President Nixon's case highlights the point. In its discussion of an article of impeachment for abuse of power, the House Judiciary Committee concluded that he had "falsely used a national security pretext" to direct executive agencies to engage in unlawful electronic surveillance investigations, thus violating "the constitutional rights of citizens."[2] In its discussion of the same article, the Committee also found that President Nixon had interfered with the Justice Department by ordering it to cease investigating a crime "on the pretext that it involved national security."[3] President Nixon's repeated claim that he had acted to protect national security could not be squared with the facts, and so the Committee rejected it in approving articles of impeachment against him for targeting political opponents.

Testing whether someone has falsely characterized their motives requires careful attention to the facts. In rare cases, "some implausible, fantastic, and silly explanations could be found to be pretextual without any further evidence."[4] Sifting truth from fiction, though, usually demands a thorough review of the record—and a healthy dose of common sense. The question is whether "the evidence tells a story that does not match the explanation."[5]

Because courts assess motive all the time, they have identified warning signs that an explanation may be untrustworthy. Those red flags include the following:

First, lack of fit between conduct and explanation. This exists when someone claims they were trying to achieve a specific goal but then engaged in conduct poorly tailored to achieving it.[6] For instance, imagine the President claims that he wants to solve a particular problem—but then he ignores many clear examples of that problem, weakens rules meant to stop it from occurring, acts in ways unlikely to address it, and seeks to punish only two alleged violators (both of whom happen to be his competitors). The lack of fit between his punitive conduct and his explanation for it strongly suggests that the explanation is false, and that he invented it as a pretext for corruptly targeting his competitors.

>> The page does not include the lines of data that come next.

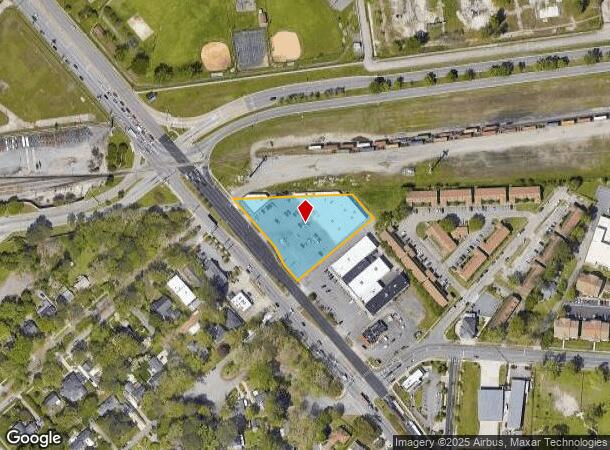  7734 Hampton Blvd, Norfolk, VA Parcel Map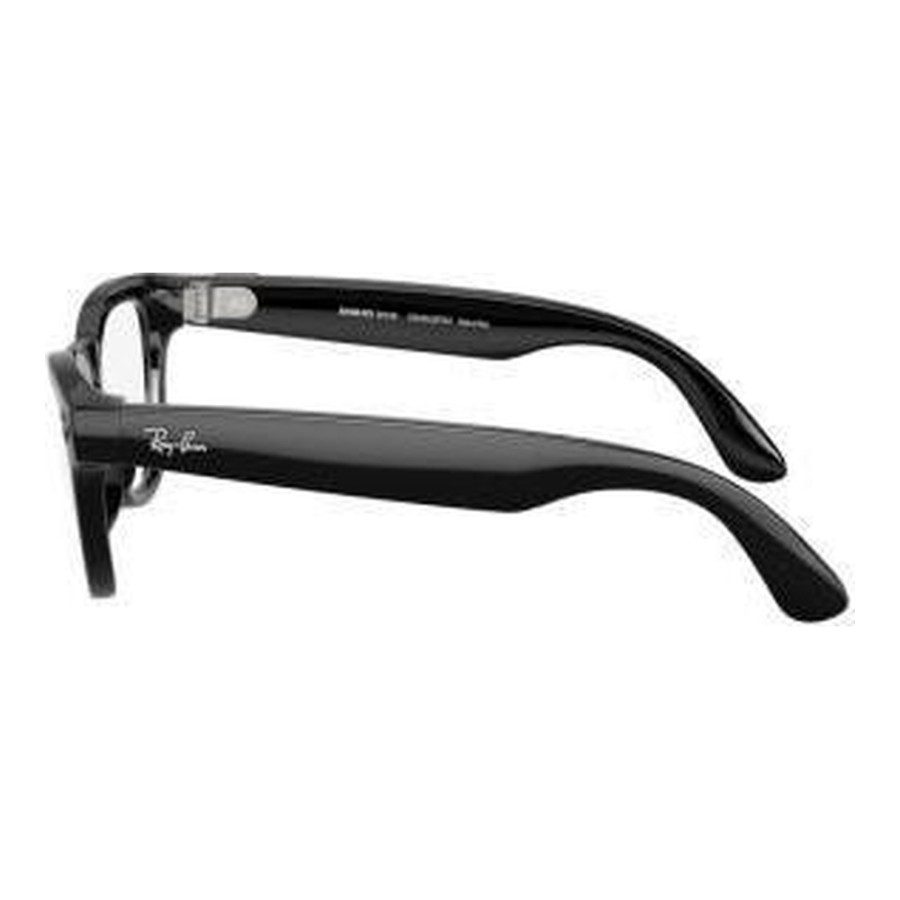 Ray-Ban Meta Skyler Gen 2 St. Shiny Black Frame/Clear to Amethyst Transitions Lenses (RW4014 601/CH 52-20)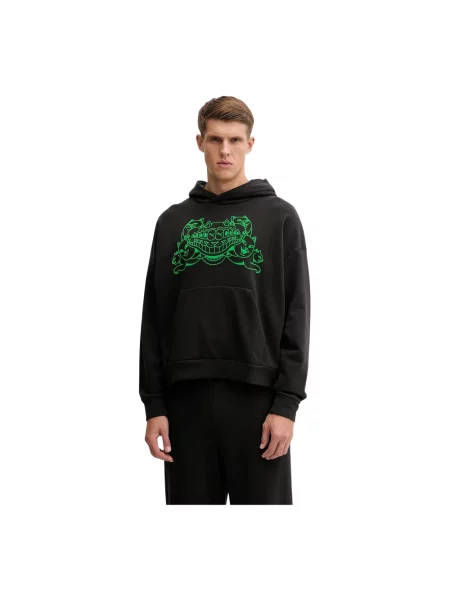Bluza z kapturem Puma z kapturem czarna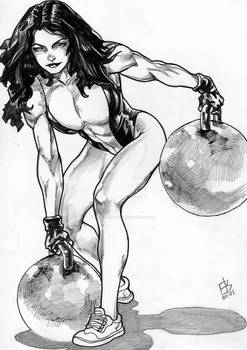 She Hulk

  1. See Tribe & Matz, To End A Presidency at 92 ("Does the president admit error, apologize, and clean house? Does he prove his innocence, or at least his reasonable good faith? Or does he lie and obstruct until the bitter end? Maybe he fires investigators and stonewalls prosecutors? … These data points are invaluable when Congress asks whether leaving the president in office would pose a continuing threat to the nation.").
  2. Committee Report on Nixon Articles of Impeachment (1974) at 146.
  3. Id. at 179.
  4. Purkett v. Elem, 514 U.S. 765, 776–77 (1995) (Stevens, J., dissenting).
  5. Dep't of Commerce v. N.Y., No. 18-966, at 27 (U.S. Jun. 27, 2019).
  6. See Romer v. Evans, 517 U.S. 620, 632 (1996); Albemarle Paper Co. v. Moody, 422 U.S. 405, 425 (1975); Miller-El v. Dretke, 545 U.S. 231, 260 (2005).